Here is your example modified to work:

## Do this
#pip install tensorflow==2.0.0

import tensorflow.keras as keras
import numpy as np
from tensorflow.keras.models import Model


data_1=np.array([[25,  5, 11, 24,  6],
       [25,  5, 11, 24,  6],
       [25,  0, 11, 24,  6],
       [25, 11, 28, 11, 24],
       [25, 11,  6, 11, 11]])

data_2=np.array([[25, 11, 31,  6, 11],
       [25, 11, 28, 11, 31],
       [25, 11, 11, 11, 31]])

Y_1=np.array([[2.33],
       [2.59],
       [2.59],
       [2.54],
       [4.06]])


Y_2=np.array([[2.9],
       [2.54],
       [4.06]])



user_input = keras.layers.Input(shape=((None,)), name='Input_1')
products_input =  keras.layers.Input(shape=((None,)), name='Input_2')

shared_embed=(keras.layers.Embedding(37, 3, input_length=5))
user_vec_1 = shared_embed(user_input )
user_vec_2 = shared_embed(products_input )

x = keras.layers.GlobalAveragePooling1D()(user_vec_1)
nn = keras.layers.Dense(90, activation='relu',name='layer_1')(x)
result_a = keras.layers.Dense(1, activation='linear', name='output_1')(nn)

# Task 2 FC layers
x = keras.layers.GlobalAveragePooling1D()(user_vec_2)
nn1 = keras.layers.Dense(90, activation='relu', name='layer_2')(x)

result_b = keras.layers.Dense(1, activation='linear',name='output_2')(nn1)

model = Model(inputs=[user_input , products_input], outputs=[result_a, result_b])


loss = tf.keras.losses.MeanSquaredError()
optimizer = tf.keras.optimizers.Adam()

loss_values = []
num_iter = 300
for i in range(num_iter):
    with tf.GradientTape() as tape:
        # Forward pass.
        logits = model([data_1, data_2])          
        loss_value = loss(Y_1, logits[0]) + loss(Y_2, logits[1]) 
        loss_values.append(loss_value)
    gradients = tape.gradient(loss_value, model.trainable_weights)          
    optimizer.apply_gradients(zip(gradients, model.trainable_weights))

import matplotlib.pyplot as plt
plt.plot(range(num_iter), loss_values)
plt.xlabel("iterations")
plt.ylabel('loss value')

enter image description here

OLD ANSWER:

It seems your problem is not a coding problem, it's a machine learning problem! You have to pair your datasets: It means, you have to feed your Keras model on both of its input layers at each round.

The solution is up-sampling your smaller dataset in a way that size of both datasets are same.
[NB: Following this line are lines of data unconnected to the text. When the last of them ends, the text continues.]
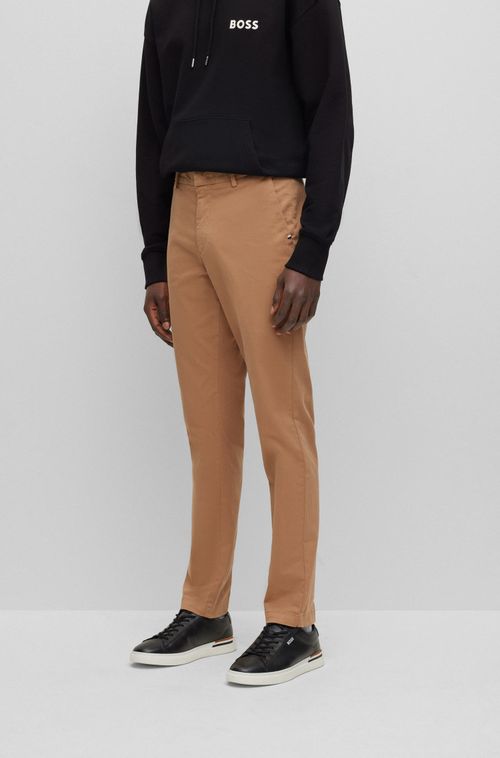 Calças Chinos De Ajuste Fino Em Gabardine De Algodão.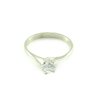 Zásnubný prsteň z bieleho zlata s kameňom zovretým packami Tiffany
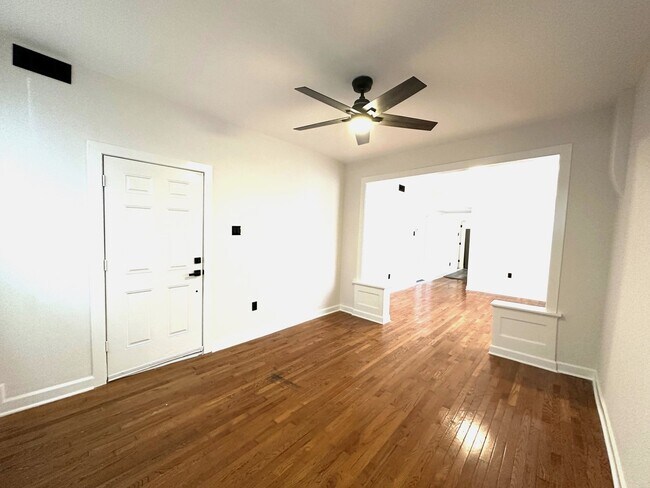 Building Photo - 423 N Lawndale Ave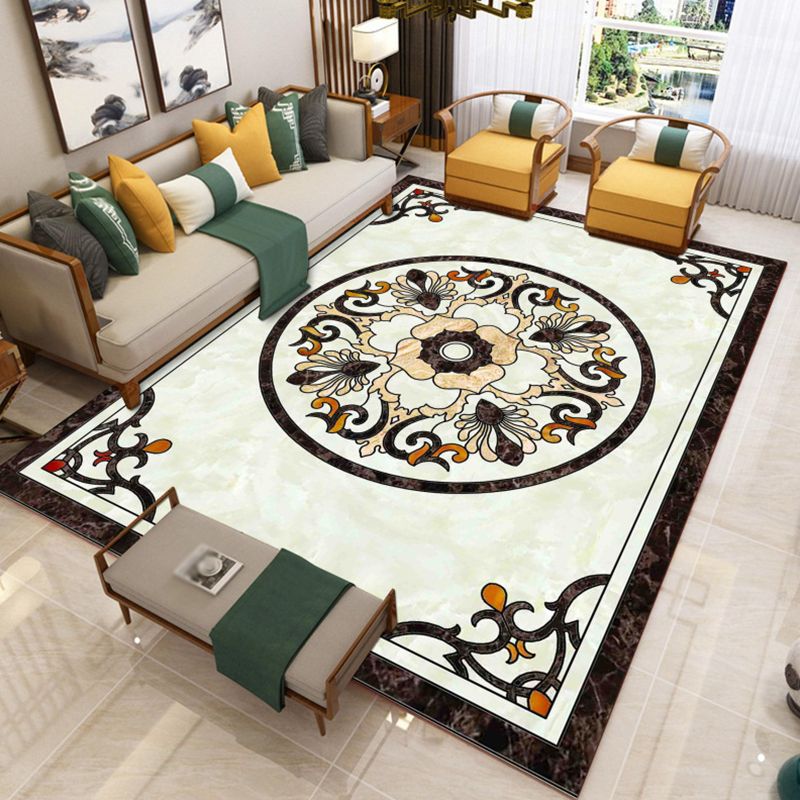 Victoria Floral Pattern Rug White Polyster Carpet Washable Area Carpet for Living Room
And the way that you do it depends on the semantics of your datasets. The other option is downsampling your bigger dataset, which is not recommended.
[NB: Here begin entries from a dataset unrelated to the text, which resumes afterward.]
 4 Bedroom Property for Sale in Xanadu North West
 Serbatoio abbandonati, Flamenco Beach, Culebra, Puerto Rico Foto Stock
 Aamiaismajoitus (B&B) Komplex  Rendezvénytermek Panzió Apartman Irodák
In a very basic situation, if we assume samples are i.i.d. across datasets, you can use the following code:

random_indices = np.random.choice(data_2.shape[0],
data_1.shape[0], replace=True) 

upsampled_data_2 = data_2[random_indices]

So, you get a new version of your smaller dataset, upsampled_data_2, that contains some repeated samples, but with the same size to your bigger dataset.


It's not clear in your question if you're trying to:

  1. Build a single model that takes a user and a product, and predicts two things about that (user, product) pair. If the user and product aren't paired, then it's not clear that this means anything (as @matias-valdenegro pointed out). If you pair up a random element of the other type (as in the first answer).. hopefully each output will just learn to ignore the other input. This would be equivalent to:

  2. Build two models, that share an embedding layer (in which case the concat doesn't make any sense). If Y1 has the same length as data1 and Y2 has the same shape as data2 then this is probably what you want. This way if you have a user you can run the user model, and if you have a product you can run the product model.

I think you really want #2. To train it you can do something like:

for user_batch, product_batch in zip(user_data.shuffle().repeat(), 
                                     product_data.shuffle().repeat()): 
  user_model.train_on_batch(*user_batch)
  product_model.train_on_batch(*product_batch)
  step = 1
  if step > STEPS:
    break

Or, wrap them both in a combined model:

user_result = user_model(user_input)
product_result = product_model(product_input)

model = Model(inputs=[user_input , products_input], 
              outputs=[user_result, product_result])

model.compile(optimizer='rmsprop',
              loss='mse',
              metrics=['accuracy'])

model.fit([data_1, data_2], [Y_1,Y_2], epochs=10)

Regardless of which training procedure you use, you should normalized the output ranges so that the two model's losses are comparable. The first procedure will alternate epochs or steps. The second does a single gradient step on the weighted sum of the two losses. You may want to check which loss weighting works best for you.